In the rating system that is governed by the Entertainment Software Ratings Board (ESRB), games rated M for Mature are intended for players 17 and older. Despite that, almost half of the underage secret shoppers the Institute sent to buy M-rated games were able to do so, according to the report. Additionally, only 59 percent of retailers educated their customers on the ratings, down from 76 percent in the group's annual violent video game report card.

"This year's report card shows some backsliding. Maybe some complacency has set in," said David Walsh, the founder of the National Institute on Media and the Family, at a press conference Tuesday morning.

While retailers are criticized for not doing enough to keep extremely violent games out of the hands of children, the report is especially harsh when it comes to parents. According to the Institute, seven out of 10 know little or nothing about the video game rating system. Furthermore, only 37 percent of parents rarely use the ratings when deciding what games to allow their children to play.

"One of the messages of the report card for the last couple of years, and it's again this year, is that we parents need to step up," Walsh said. "We need to know what are kids are playing."

The best way for parents to do that, according to the report, is by playing those video games with their kids.

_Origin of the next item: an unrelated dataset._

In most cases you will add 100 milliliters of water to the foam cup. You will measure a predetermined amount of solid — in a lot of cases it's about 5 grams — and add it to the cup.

The Institute believes that a lack of monitoring may be one of the reasons that 50 percent of young players and 79 percent of young teens admit to playing games with the M rating.

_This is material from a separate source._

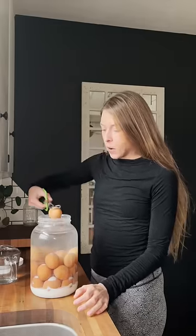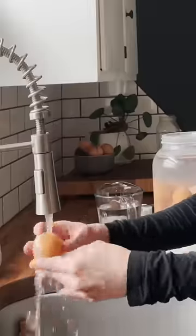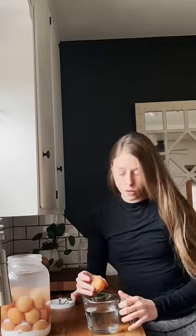I'm just going to gently take out one of the eggs and give it a good wash. I'm going to do a quick float test to make sure it is indeed still fresh. We'll be able to tell more once we crack it open. It doesn't smell bad — this seems good to go.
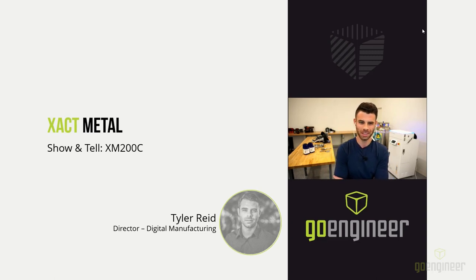Hello, welcome to our show and tell today. My name is Tyler Reed, and I'm going to show you a little bit about our new machine from Exact Metal called the XM200C. I'm in our Salt Lake City lab this afternoon, broadcasting live. I'm going to do my best to give you guys a glimpse into what it's like to use, own, and operate this machine.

The report was also critical of the games themselves, specifically citing "Assassin's Creed," "Stranglehold" and "The Darkness" as ones Santa should not leave under the tree.

The Institute is a Minnesota-based nonprofit that offers commentary and research on the media and the family.

Should 'Locked' Scenes Count in Ratings?

The report comes on the heels of a months-long controversy over the violent video game "Manhunt 2," which nabbed an M rating from the ESRB. It avoided the often sales-killing rating of "Adults Only," which nearly all gaming stores refuse to stock, by blurring out scenes deemed to be too violent.

Despite the M rating, Target announced last month that it would not sell the game after reports that the blurred scenes could be unlocked on the PlayStation Portable.

"It's a big blow, in the sense of that's a place where people are buying lots of games. As a result, it's going to reduce the number of people that will see it," Michael Gartenberg, the vice president and research director of Jupiter research, told last month. "But it kind of underscores the fact that older gamers are looking for mature content, and at the same point that retailers are going to be sensitive to the content that they put on the shelves," including video games.

After the hacking stories came to light, the ESRB reviewed its rating of "Manhunt 2," but decided to keep it rated M. In its report, the Institute took the ratings board to task on this issue, calling its argument that hackers are breaking the law "nonsense."

"M-rated games, officially sanctioned for 17-year-olds and widely available to much younger children, should not contain easily unblurable or unlockable AO-rated adult content, 'blurred' or not," the Institute writes. "The ratings procedures should take into account not only all the official content of regular gameplay, but all of the code on the discs."

Despite the report, the young players themselves seem indifferent. Thirteen-year-old videogame enthusiast Connor Maxwell told ABC News that the games have no real impact on him.

"I'll play 'Grand Theft Auto' for like an hour straight and I'll go on missions where you have to do drive-bys and stuff, but I'm not going go get a gun and attack someone," Maxwell said.

One thing the report card said that kids and parents agree on, these games are increasingly causing family friction.